▸ INSTRUCTIONS FOR THE TASK
For the material below, reproduce exactly each line from the one that has "Trevone House | Windmill View - Trevone" through the one that has "Hermitage Motor Inn", and no others; pictures stay out.

▸ EXERCISE MATERIAL
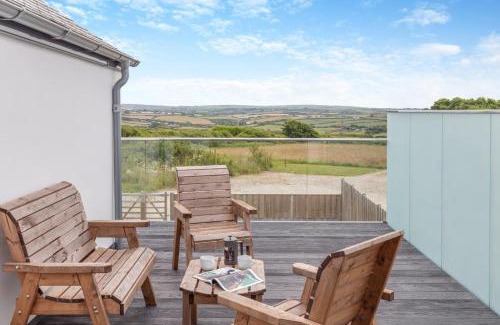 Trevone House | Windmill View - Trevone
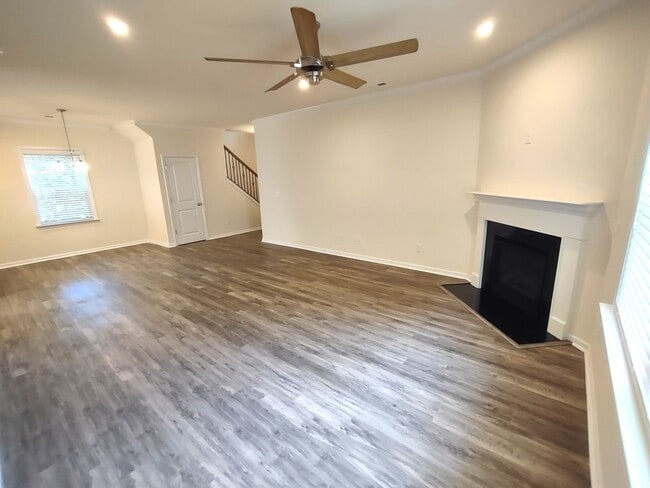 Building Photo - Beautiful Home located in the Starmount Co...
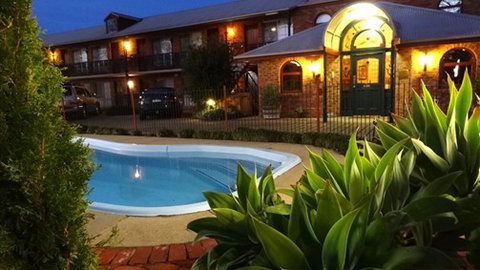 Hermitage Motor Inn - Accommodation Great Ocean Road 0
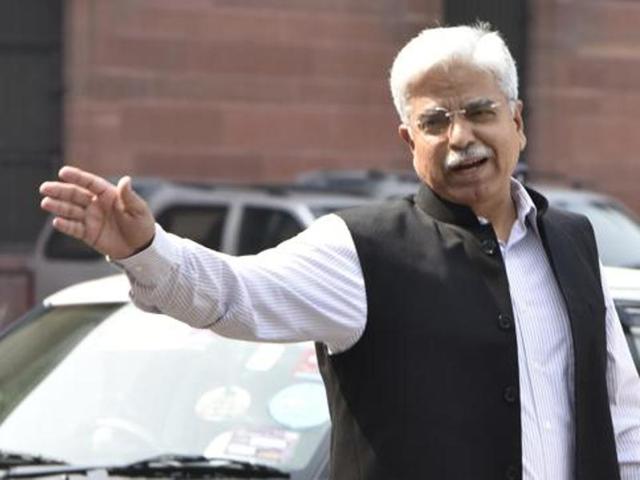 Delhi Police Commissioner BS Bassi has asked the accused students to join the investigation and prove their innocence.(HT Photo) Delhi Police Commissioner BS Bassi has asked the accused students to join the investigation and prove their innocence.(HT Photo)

...

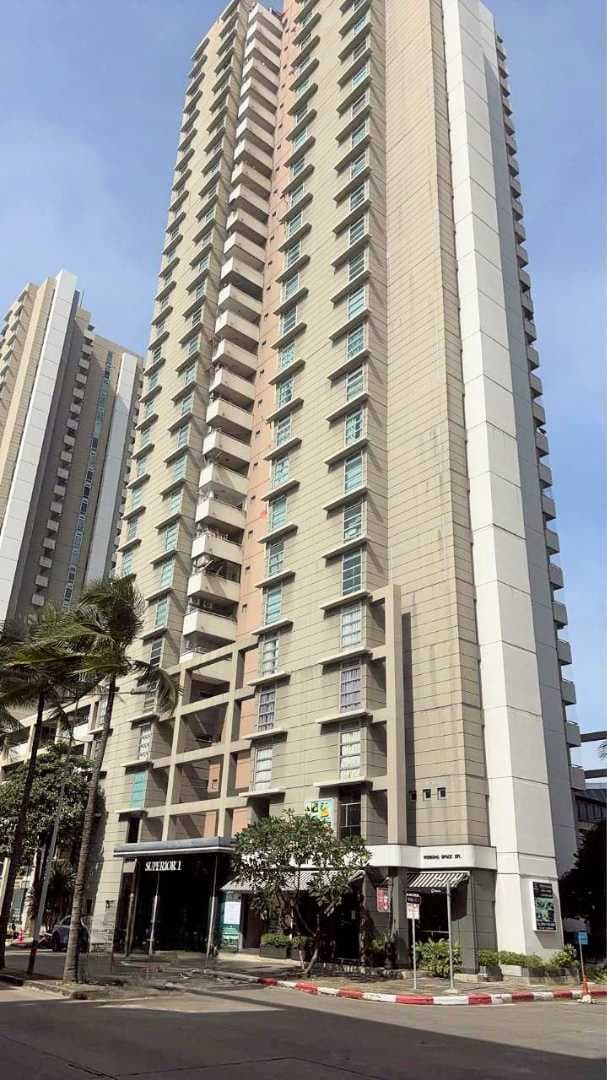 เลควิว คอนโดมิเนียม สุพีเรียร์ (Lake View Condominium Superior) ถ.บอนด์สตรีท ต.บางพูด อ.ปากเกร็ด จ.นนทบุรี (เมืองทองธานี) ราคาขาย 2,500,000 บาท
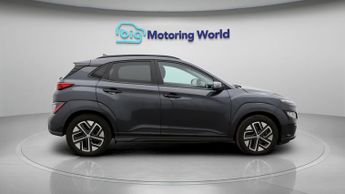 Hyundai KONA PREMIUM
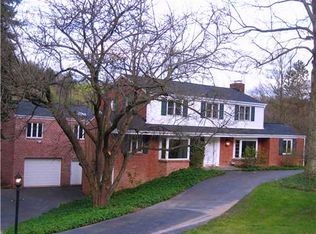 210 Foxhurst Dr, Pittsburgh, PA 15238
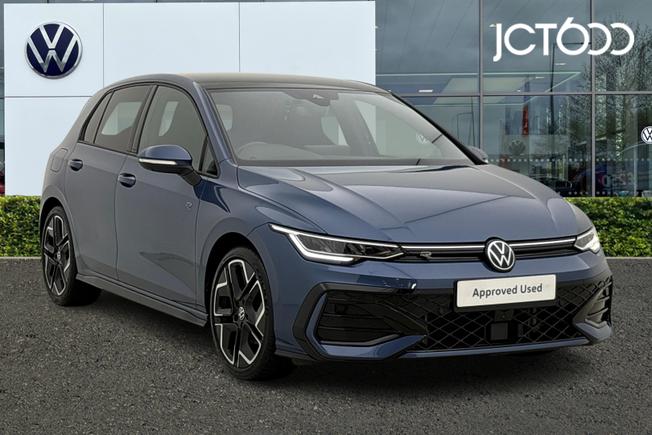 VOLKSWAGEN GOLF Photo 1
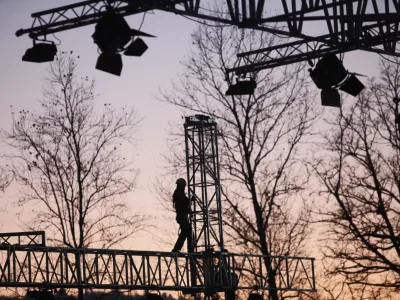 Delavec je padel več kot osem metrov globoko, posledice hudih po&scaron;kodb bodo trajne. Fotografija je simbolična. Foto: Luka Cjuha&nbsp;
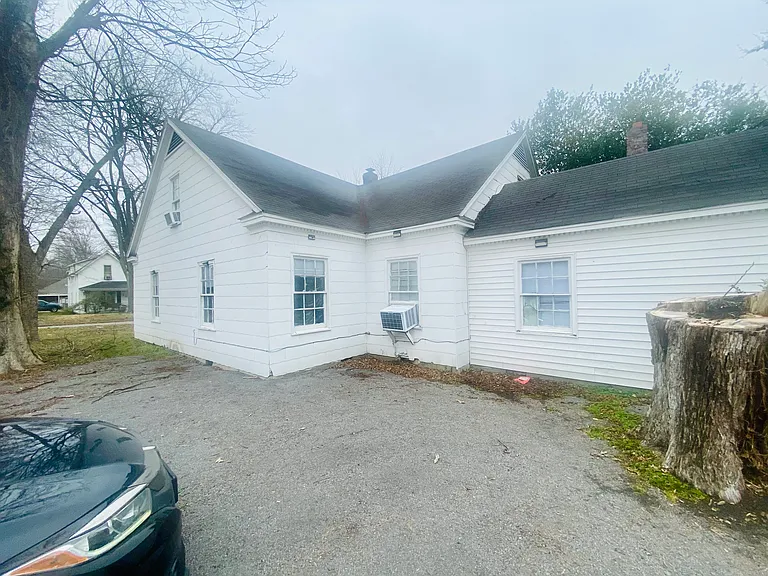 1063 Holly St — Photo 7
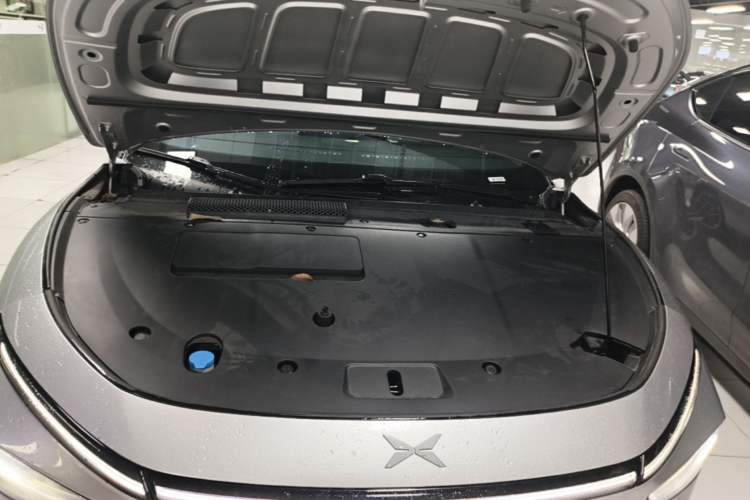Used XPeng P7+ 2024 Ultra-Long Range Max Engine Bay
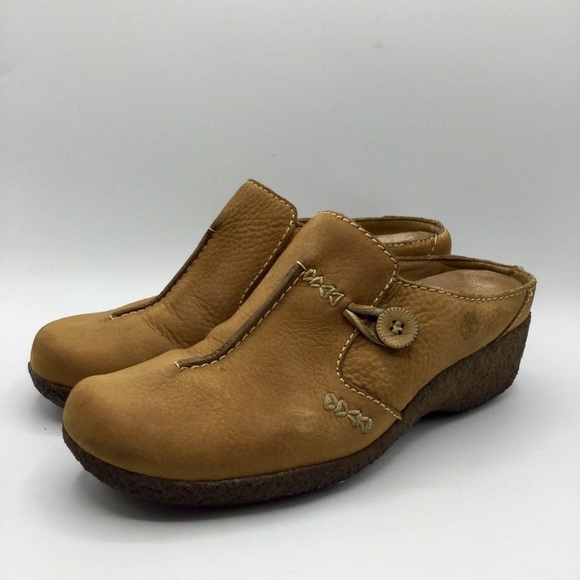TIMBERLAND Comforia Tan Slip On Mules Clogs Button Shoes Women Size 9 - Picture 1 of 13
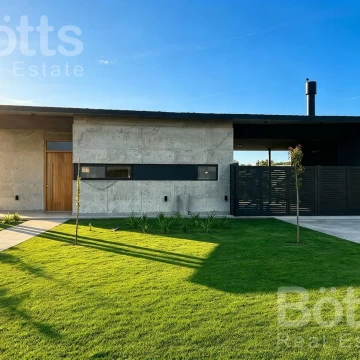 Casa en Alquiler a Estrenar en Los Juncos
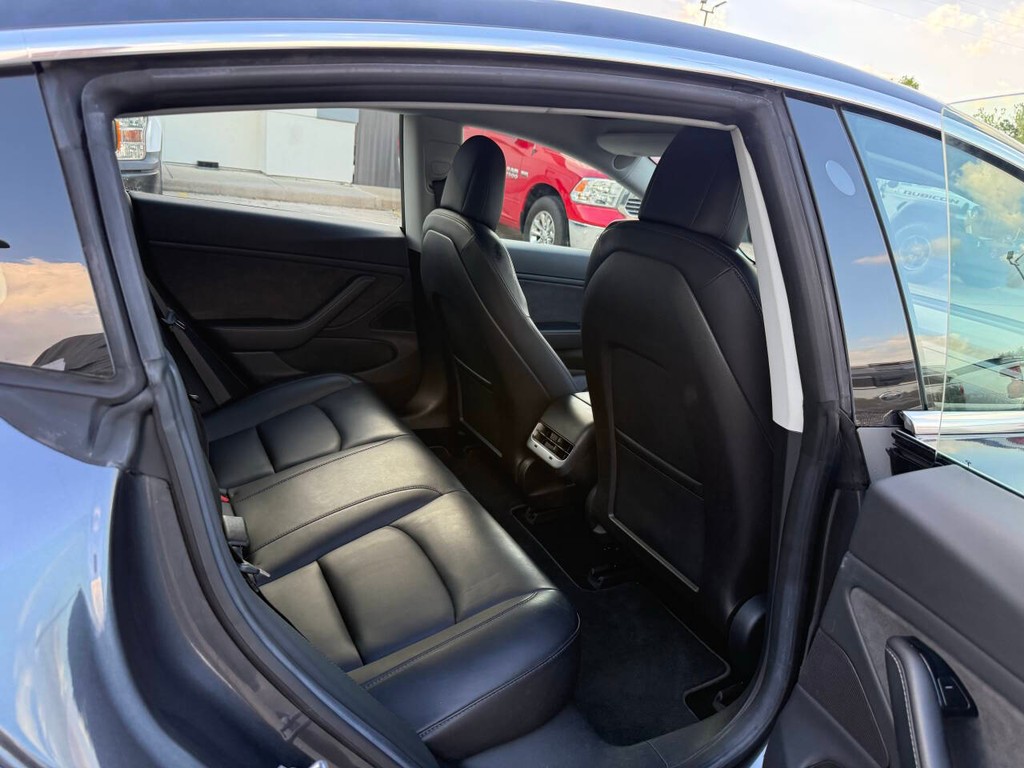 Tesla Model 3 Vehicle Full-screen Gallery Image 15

---

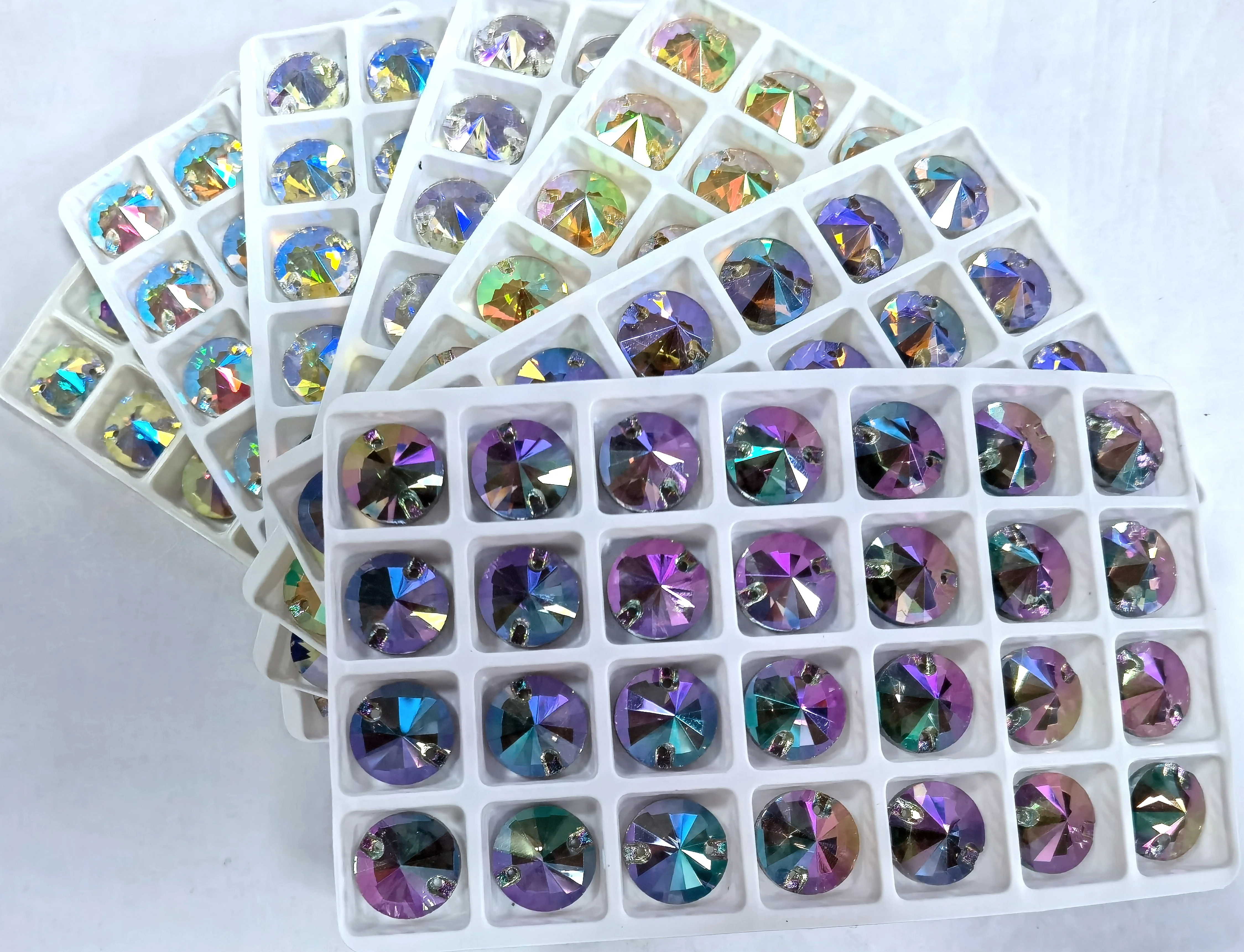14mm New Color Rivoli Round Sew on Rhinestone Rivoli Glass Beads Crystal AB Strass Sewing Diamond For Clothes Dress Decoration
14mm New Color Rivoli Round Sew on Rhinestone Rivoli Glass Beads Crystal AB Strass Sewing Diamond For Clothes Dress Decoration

▸ OUTPUT BELOW
 Trevone House | Windmill View - Trevone
 Building Photo - Beautiful Home located in the Starmount Co...
 Hermitage Motor Inn - Accommodation Great Ocean Road 0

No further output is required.